ANNOUNCEMENTS
Climate change is intensifying water challenges in the Eastern Himalayas, impacting glaciers and snow melt. Bridging climate change and water demand understanding is vital, especially in India's ungauged Himalayan catchments. Limited hydrological data complicates assessments, and proposed novel methodologies aim to differentiate the changing climate and anthropogenic influences impacts on catchment hydrology. A spatiotemporal assessment of evaporative demand change using SWAT and Budyko models at the micro-watershed level, coupling climate and surface changes for local hydrology understanding is performed in this study.
Coupling climate and land-use models is crucial for comprehensive analysis, emphasising monitoring, and quantifying LULC changes' effects on water resources at the watershed scale over different years. The Budyko conceptual model, integrated with the SWAT model, enables the analysis of hydrological changes due to climate or human activities at the micro-watershed scale. The model considers climate parameters, obtained through SWAT, to differentiate the difference in two influences on water. The Budyko curve, depicting the relationship between precipitation, evapotranspiration, and runoff, aids in partitioning evaporative demand into green and blue components. Parameters like d-statistics, responsivity, and elasticity assess watershed sensitivity to land use and climate change.

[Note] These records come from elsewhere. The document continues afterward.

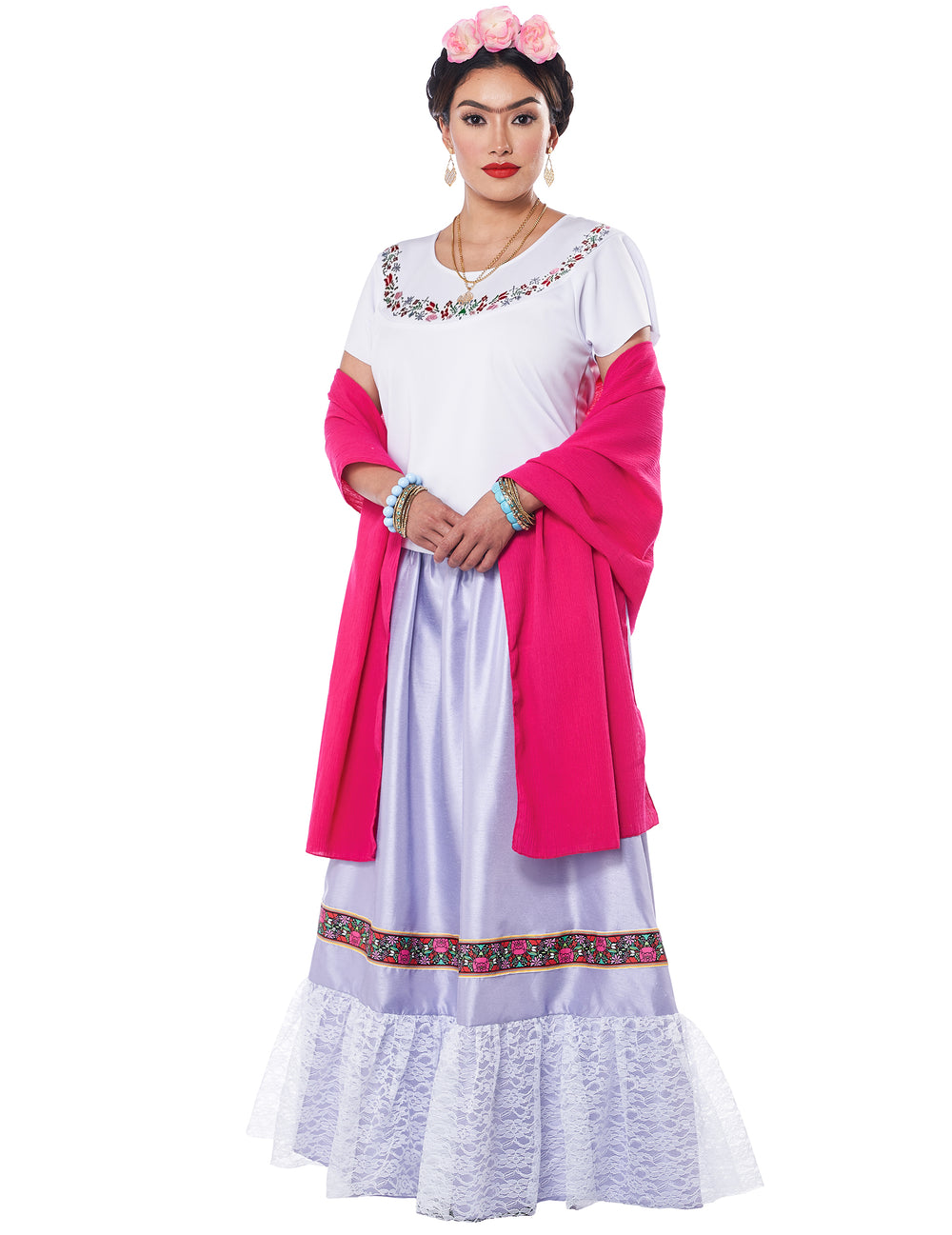 Déguisement artiste Mexicaine luxe pour femme avec haut blanc jupe violette et châle rose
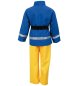Preview: Rückansicht des Feuerwehrmann Kinderkostüms in Blau und Gelb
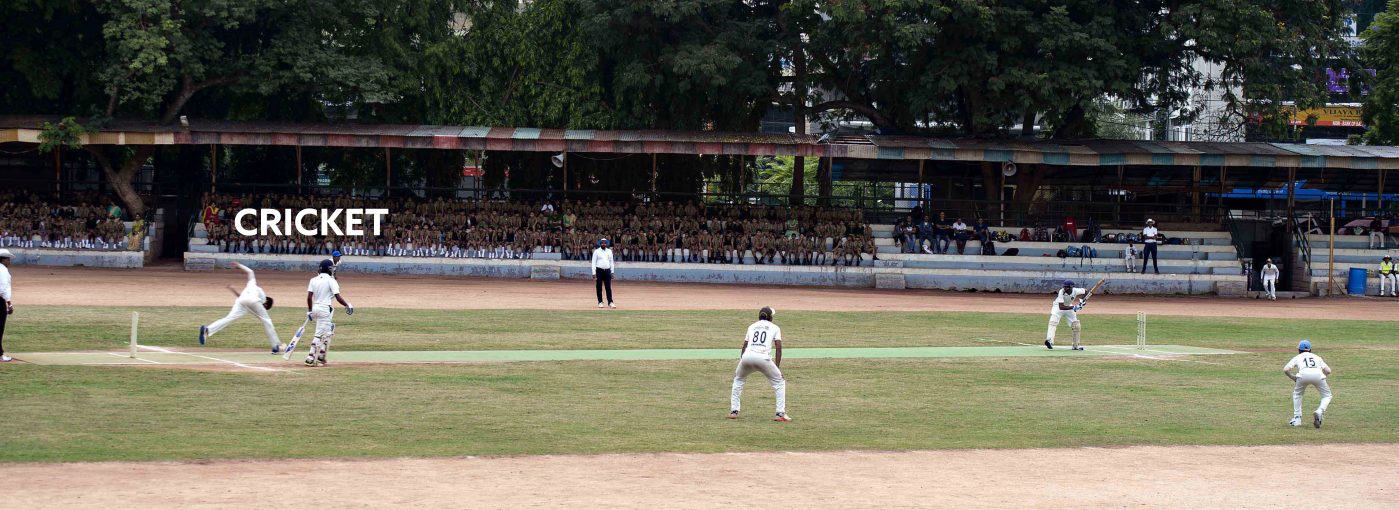 A cricket match in progress on the First Eleven Field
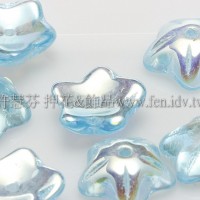 捷克花形小喇叭珠10mm-珠光海藍色-10個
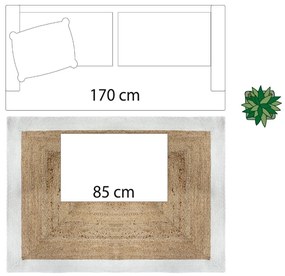 Dywan z juty prostokątny, 120 x 170 cm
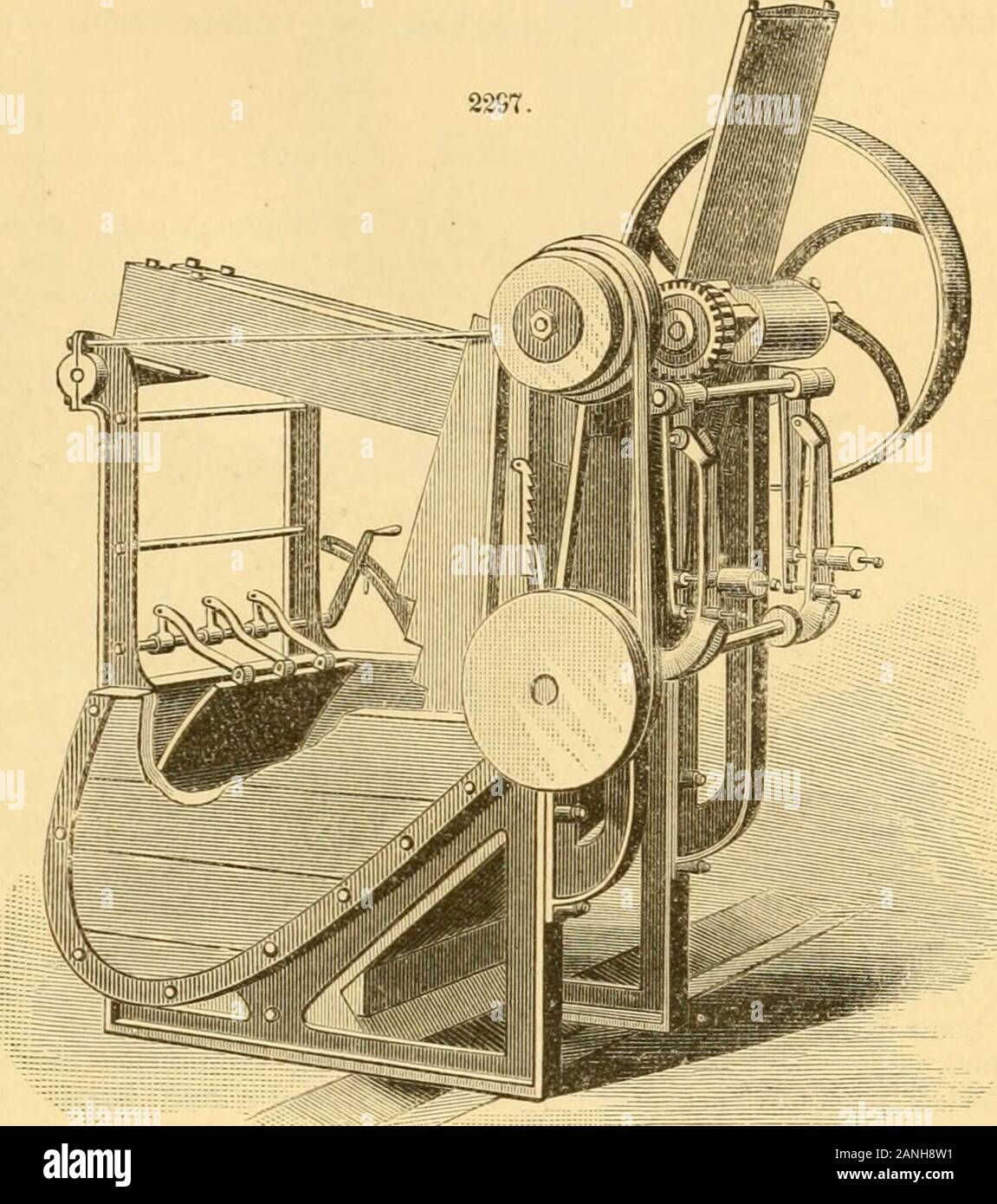 Appletons' cyclopaedia of applied mechanics: a dictionary of mechanical engineering and the mechanical arts . ine. A machine adapted to this secondsizing has been devised by Mr. J.Yero of Dewsbury, England, andimproved by Kirk, Shelmerdine, andFroygate, of Stockport, England.The improved apparatus has fourrollers driven all in the same direc-tion by gearing. The lower pair ofrollers is journaled in the station-ary frame, while the upper pair isjournaled in a swinging frame, whichcan be lifted up whenever the hat-roll is to be inserted or removed.The working surface of the rollersis formed of e Stock Photo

The method unveiled novel catchment characteristic values within the range of 1.70 to 1.56 from 2005 to 2030, indicative of a discernible shift in hydrological patterns attributed to modifications in land cover and variables of climate. The alterations in precipitation, LULC, and temperature were identified as primary influencers on hydrological regimes, rendering watersheds increasingly susceptible to climatic variations. The investigation underscored the significant impact of LULC changes, manifesting as a reduction in snow and glacier cover alongside an augmentation in blue ET. Catchments exhibited low resilience to climate change, with six specific catchments in Arunachal Pradesh identified as particularly vulnerable. This emphasizes the exigency for targeted funding allocation, specifically through the National Mission on Climate Change, to safeguard the ecologically delicate Eastern Himalayan ecosystem.